→ Task requirements
Copy all entries exactly, and wherever an entry holds a picture, leave that picture out.

_ _ _ _ _

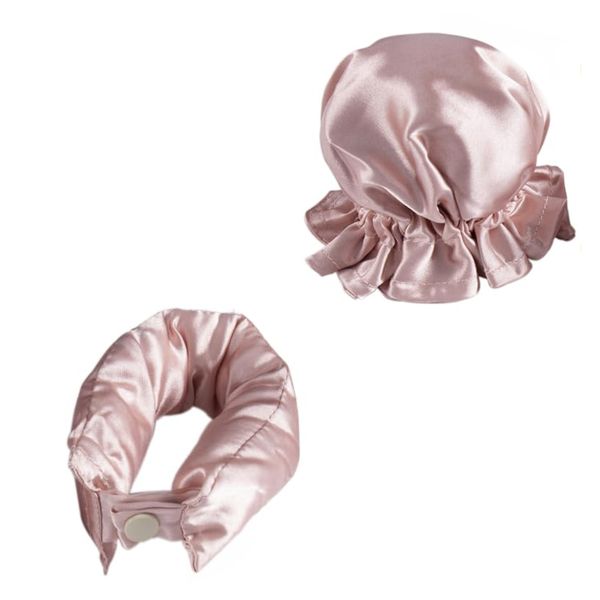 4 Piece Curling Rod &amp; Cap Satin Heatless Hair Rollers Set Pink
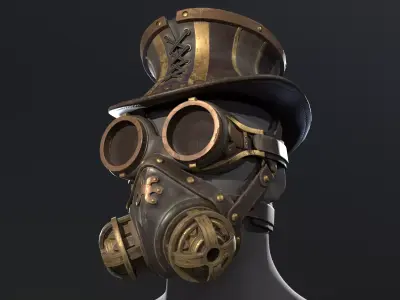 Steampunk mask set - game ready Low-poly 3D model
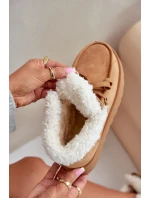 Śniegowce Damskie Na Platformie Z Futerkiem Typu Branek Camel Ciabellae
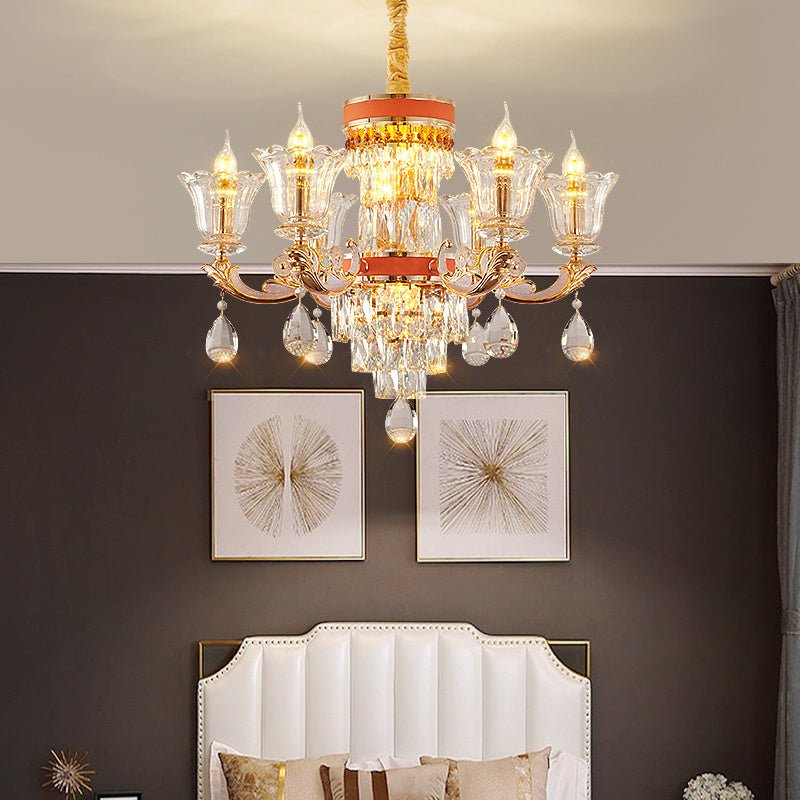Lampadario cristallo ristorante - illuminazione professionale raffinata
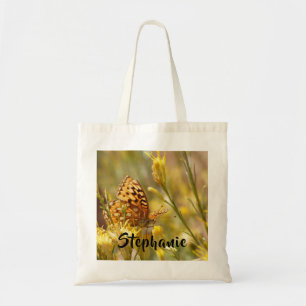 Bolso De Tela Mariposa amarilla con nombre personalizado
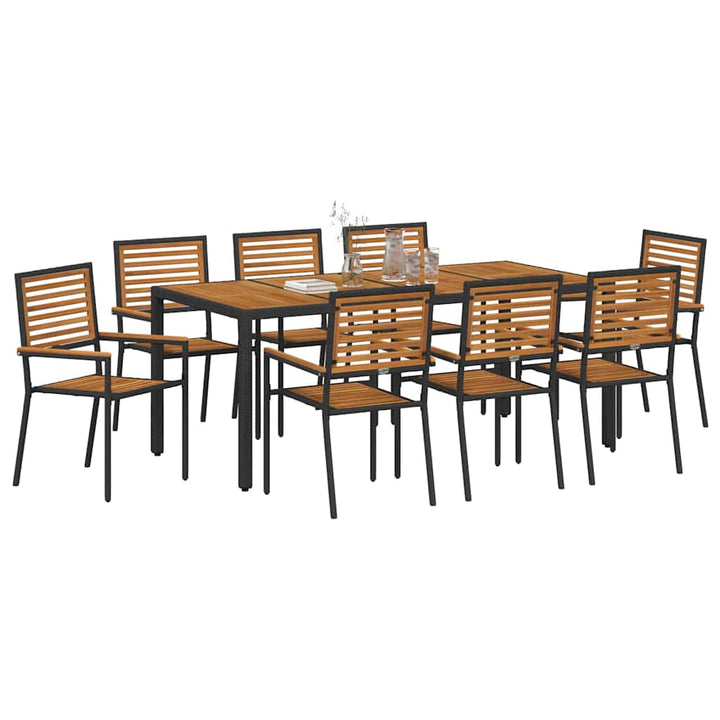 Have Spisebordssæt 9 stk. Sort og Brunt polyrattan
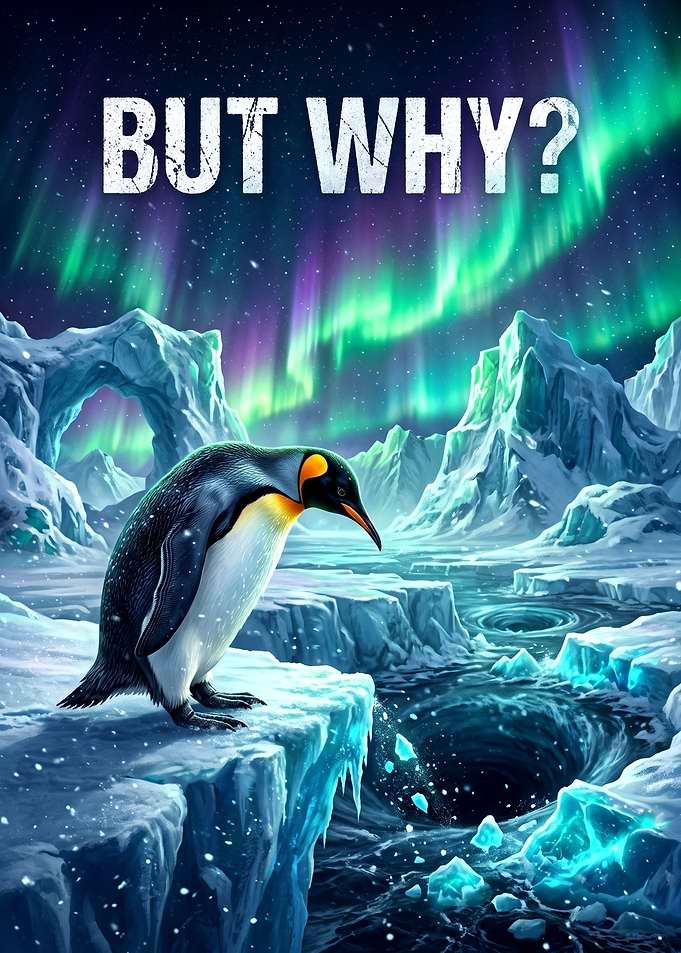Pensive Penguin Under Northern Lights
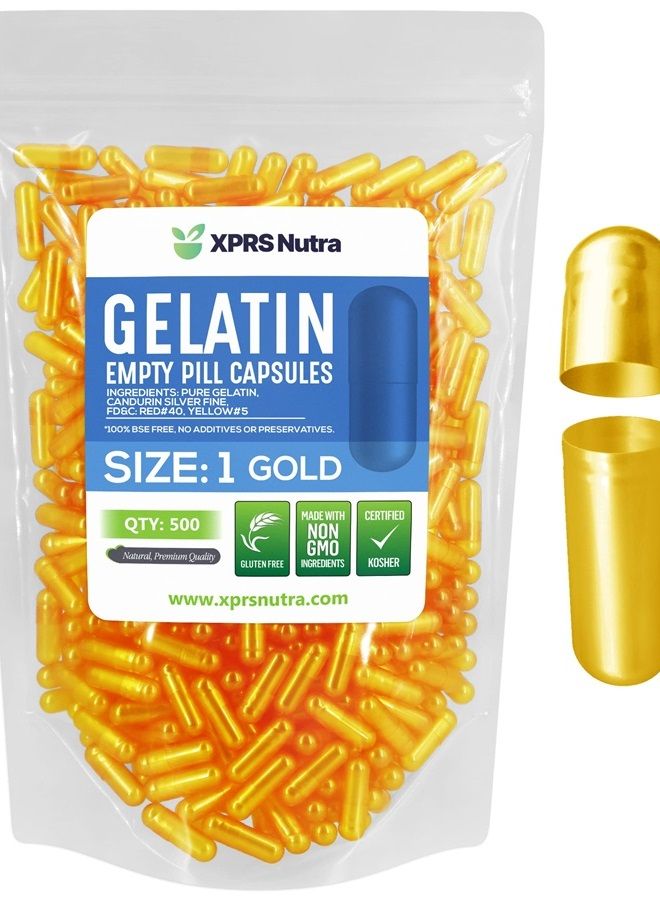 XPRS Nutra Size 1 Empty Capsules - 500 Count Empty Gelatin Capsules - Empty Pill Capsules - DIY Capsule Filling - Pure Bovine Pill Capsules Empty Gel Caps (Gold) - Image 1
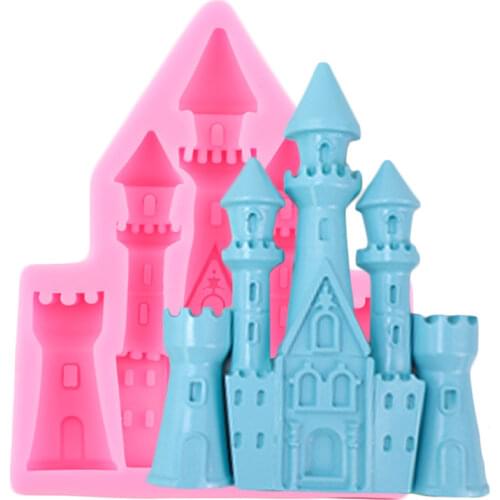 Princess Castle Silicone Molds DIY Baby Birthday Cake Decorating Tools 3D House Cake Fondant Mold Candy Chocolate Gumpaste Mould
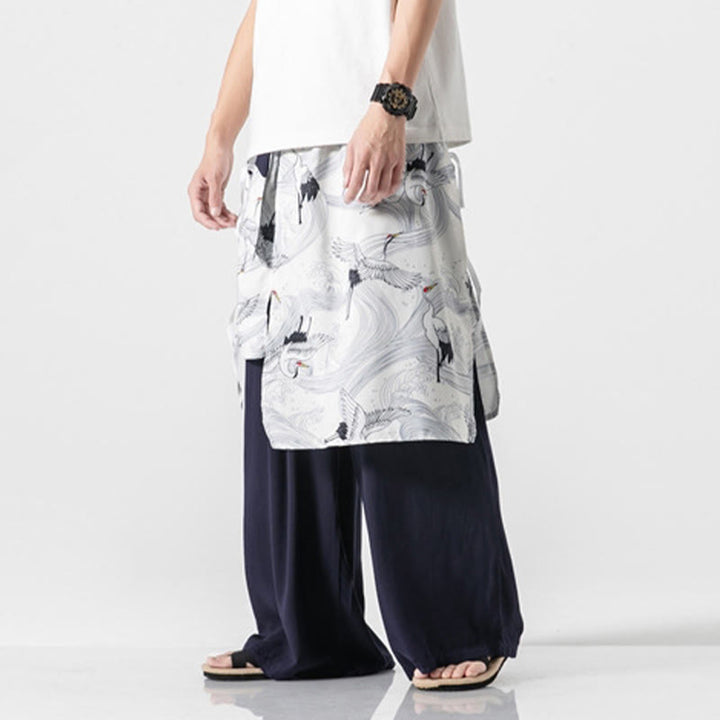 Buddha Stones Pantalon d'été en coton pour homme, jambes larges, avec poches, motif grue volante - image 3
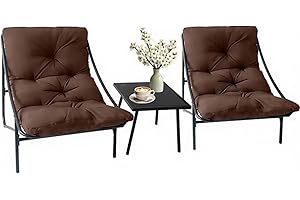 DELONGKE Gartenmöbel Set 3 teilig, Balkonmöbel Set, Balkonmöbel Kleiner Balkon mit Abnehmbar Kissen & Tisch, Lounge Gartenmöbel, Bequemer Balcony Furniture Sitzgruppe (Braun)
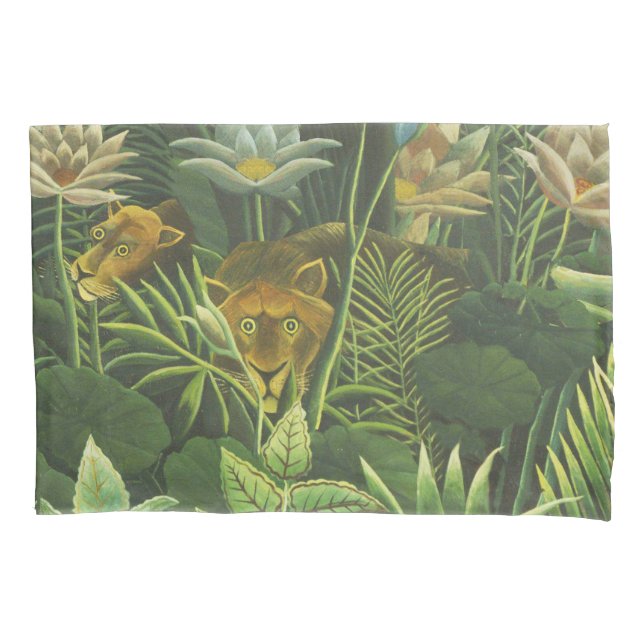 Rousseau Tropical Jungle Lion Painting Pillowcase (Front)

_ _ _ _ _

→ Response area
 4 Piece Curling Rod &amp; Cap Satin Heatless Hair Rollers Set Pink
 Steampunk mask set - game ready Low-poly 3D model
 Śniegowce Damskie Na Platformie Z Futerkiem Typu Branek Camel Ciabellae
Lampadario cristallo ristorante - illuminazione professionale raffinata
 Bolso De Tela Mariposa amarilla con nombre personalizado
 Have Spisebordssæt 9 stk. Sort og Brunt polyrattan
Pensive Penguin Under Northern Lights
 XPRS Nutra Size 1 Empty Capsules - 500 Count Empty Gelatin Capsules - Empty Pill Capsules - DIY Capsule Filling - Pure Bovine Pill Capsules Empty Gel Caps (Gold) - Image 1
 Princess Castle Silicone Molds DIY Baby Birthday Cake Decorating Tools 3D House Cake Fondant Mold Candy Chocolate Gumpaste Mould
 Buddha Stones Pantalon d'été en coton pour homme, jambes larges, avec poches, motif grue volante - image 3
 DELONGKE Gartenmöbel Set 3 teilig, Balkonmöbel Set, Balkonmöbel Kleiner Balkon mit Abnehmbar Kissen & Tisch, Lounge Gartenmöbel, Bequemer Balcony Furniture Sitzgruppe (Braun)
 Rousseau Tropical Jungle Lion Painting Pillowcase (Front)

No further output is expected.